The company recently launched the Chocolat Madagascar brand for export markets to complement its domestic brand Robert.
Freshly pressed cocoa butter
Speaking to ConfectioneryNews, Chocolat Madagascar’s International marketing director Neil Kelsall said: “Making fine chocolate is very analogous to making wine. To make fine wine you are harvesting the grapes and crafting it close to the winery.”
Chocolaterie Robert is a bean-to-bar chocolate maker that processes cocoa near to the producing farms.
“What is unique is that we are processing cocoa freshly into chocolate within days near to the plantation where the cocoa is grown,” said Kelsall, which he said helped to bring out the fruity flavors of the cocoa.
Cocoa grown in Madagascar is typically exported and processed in European factories. It can take up to three months before the cocoa is processed into cocoa liquor for chocolate.
Cocoa in Madagascar
Kelsall said that his company’s organic cocoa was not deodorized, which helped to retain extra flavor. Grinders commonly take the smell out of cocoa butter when squeezing it out from the mass so the butter can be used in different industries.

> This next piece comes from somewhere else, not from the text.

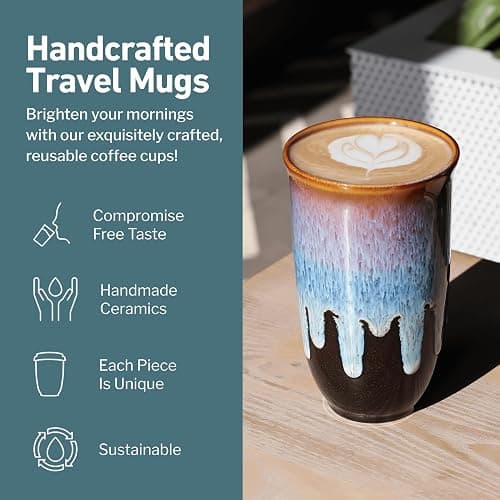 NOVA CERAMICS Coffee Tumbler – Travel Mug - On the Go Coffee Mug – Microwave & Dishwasher Safe Green Coffee Tumbler - Gifts For Women Men Him Her – 16oz – Monsoon thumbnail 3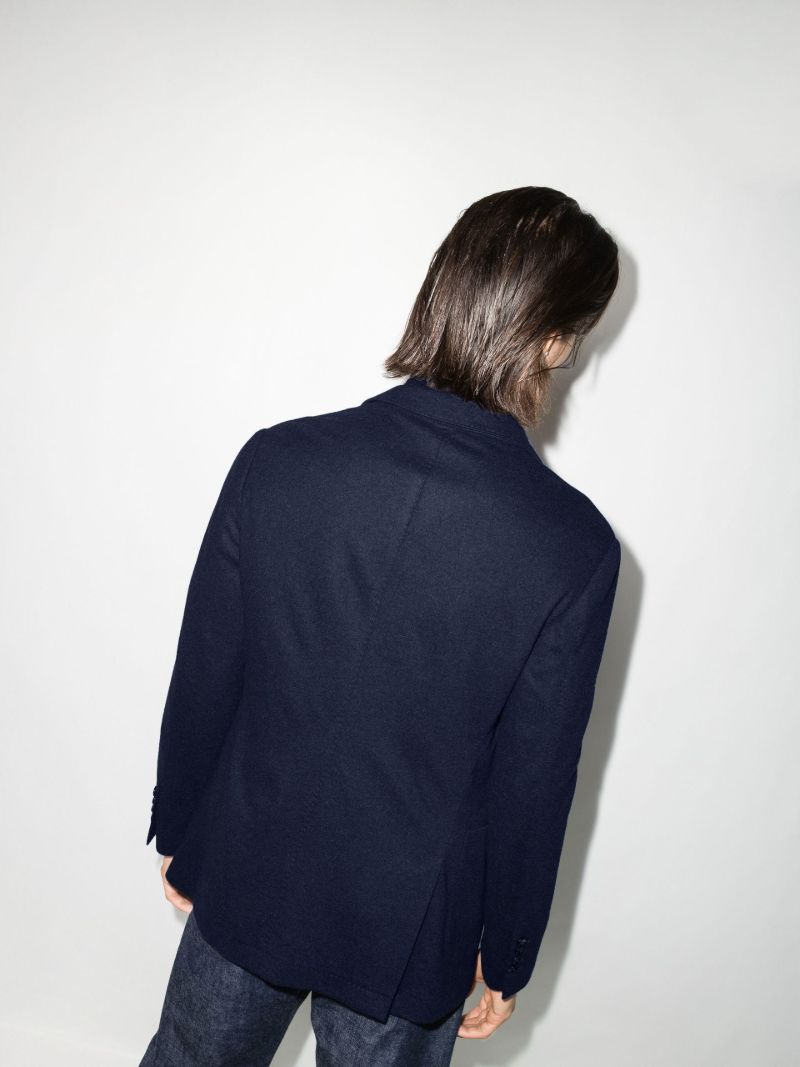 Blue Single-breasted Cashmere Blazer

Criollo, Trinitario and Forastero varieties of cacao trees were brought to Madagascar by the French between 1890 and 1920. The trees grow in North West Madagascar in the
Sambirano Valley near to the town of Ambanja.
“The cocoa has developed its own unique flavor profile,” said Kelsall as the trees have adapted to the climate and soil of Madagascar.
“It tastes fruity with citrus, red fruit and mango flavor,” he said. “It’s not bitter, it’s a more balanced type of flavor.”
Kelsall said the flavor meant cocoa alkalization, which reduces the acidity of the beans, was therefore unnecessary.
Chocolat Madagascar brand
The recently launched Chocolat Madagascar brand is sold in specialist and small retailers in France, UK, Japan, Denmark, Netherlands and Germany through UK-based distributor HB Ingredients. Chocolaterie Robert plans to bring the brand to the US in future.Chocolaterie Robert sources cocoa from 500 smallholder farmers. Its factory in Brickaville employs 200 people in an economy with a GDP of just $970 per person – compared to $37,500 per person in the UK.
The 85 g Chocolat Madagascar bars retail for £4.50 ($7). “The market is chocolatiers who appreciate gourmet, high quality chocolate…because we are working in a market which is premium, the prices are higher,” said Kelsall.
Coverture chocolate business
Branded sales make up around 10% of the company’s Chocolaterie Robert’s sales. Its main business is selling couverture chocolate to the food service industry or private label producers. It also supplies pure cocoa mass from Madagascar and manufactures products for private label.
The company launched its own Chocolaterie Robert brand in 2004, which is now Madagascar’s leading chocolate brand. Kelsall said that this had inspired company’s in other origin countries to make bean-to-bar chocolate at domestically. “The Malagasy project started the ball rolling in countries like Ecuador, Venezuela and Vietnam – it’s a trend in the fine chocolate market,” he said.